DURST Fetner Residential has finally signed its contract with Mount Sinai Hospital to redevelop the pre-war apartment building at 1212 Fifth Ave. into two- and three-bedroom condominium apartments and build another tower for the hospital.
As part of the deal, DFR will oversee the development of a 43-story apartment building next door on East 102nd Street that will be designed by Rafael Pelli of Pelli Clarke Pelli and Peter Claman of SCLE.
To provide spectacular Central Park views, the apartments will rise above the 215-foot tall base needed to supply mechanical support for the Mount Sinai Center for Science and Medicine building that is now under construction on Madison Avenue.

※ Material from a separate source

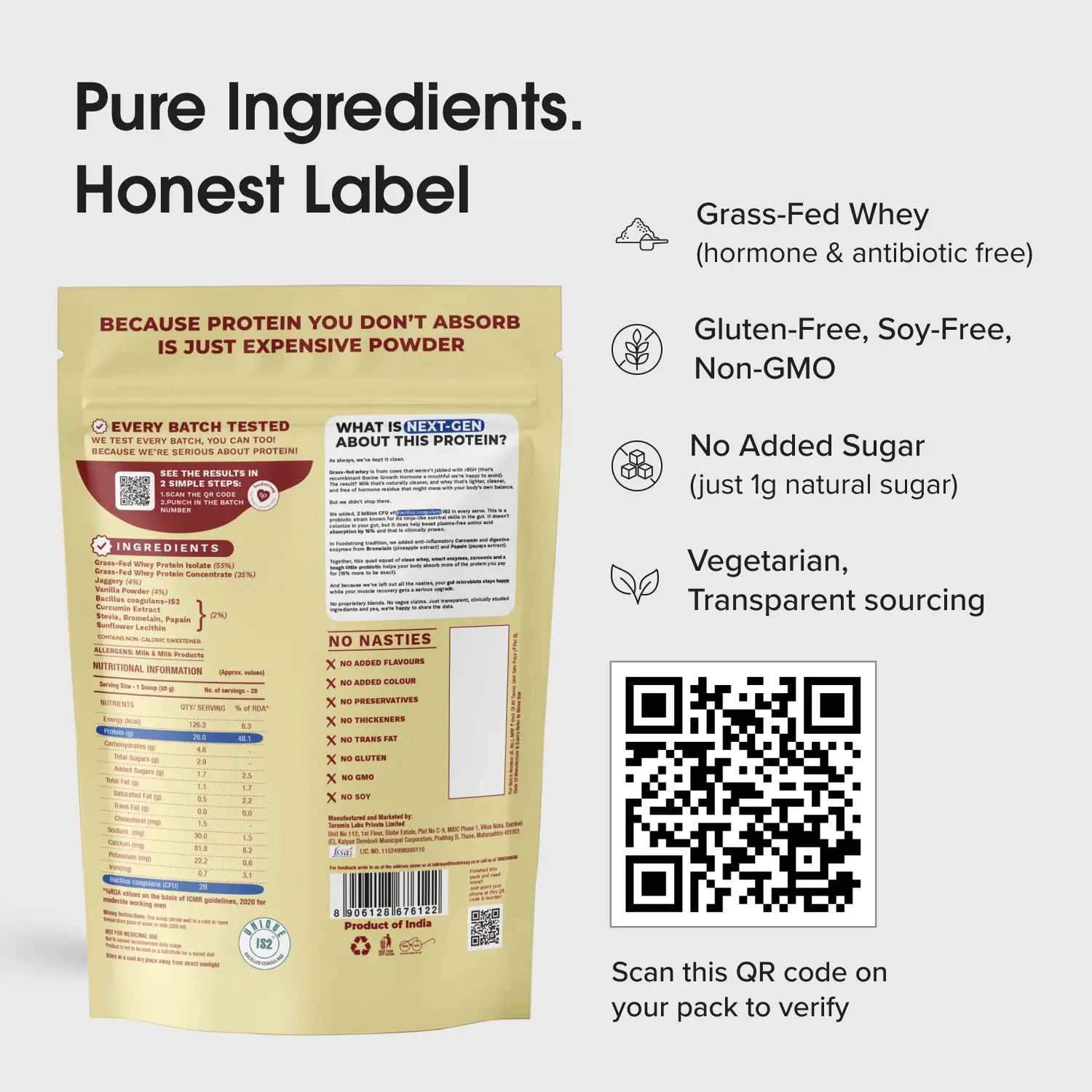 Next-Gen Whey Protein | Vanilla 1 Kg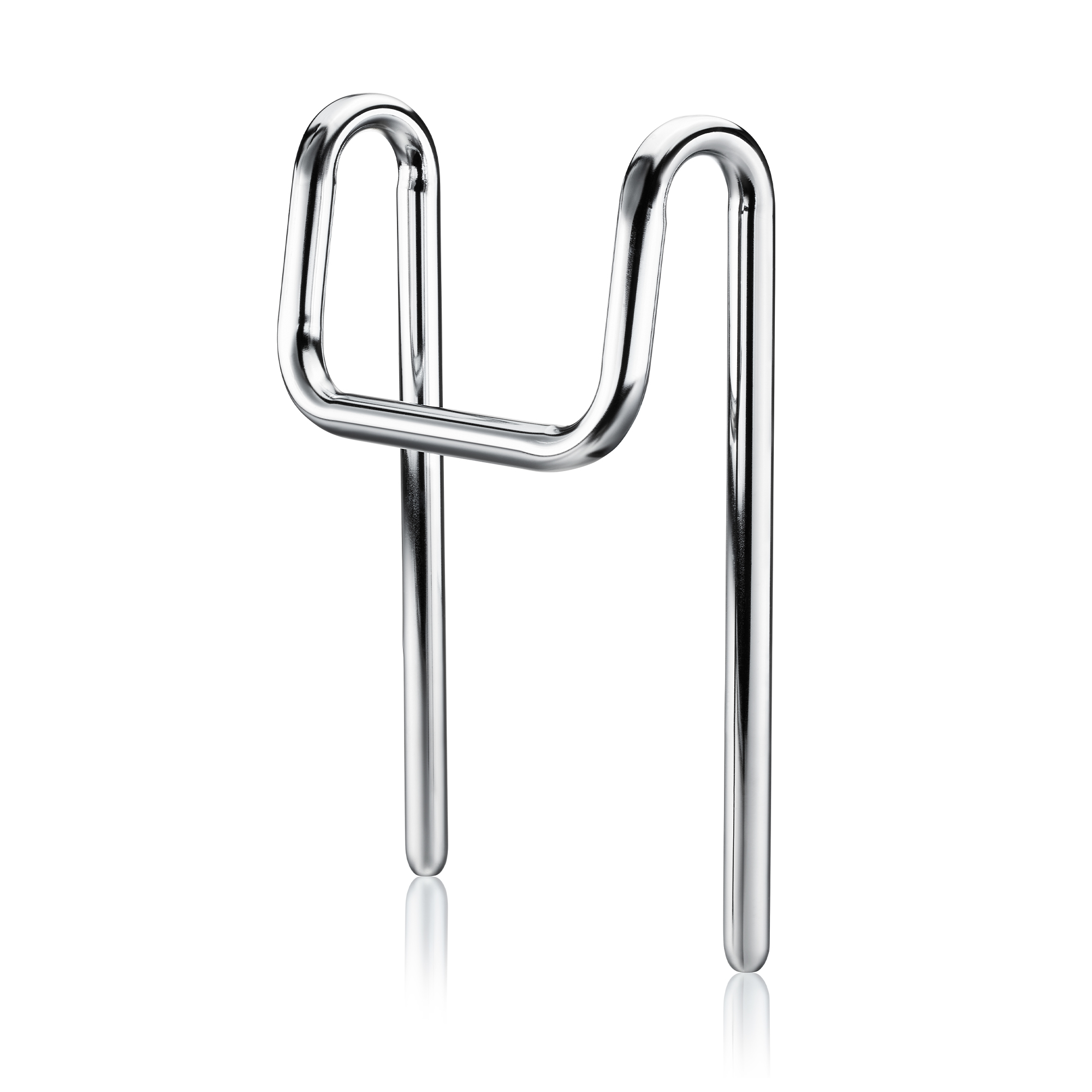 U-förmig gebogenes Metallrohr aus Edelstahl für Automotive- und Fluidtechnik-Anwendungen.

While it could go to 542 feet, sources say the new tower will top off at 510 feet — slightly taller, and more beautiful, than the hospital’s Darth Vader-like Annenberg Building nearby at 99th Street.
While local civic groups fought the tower that was originally proposed at 600 feet, no other waivers were needed once construction of the adjacent Science building was approved by the BSA in October of 2008, according to the Board of Standards and Appeals.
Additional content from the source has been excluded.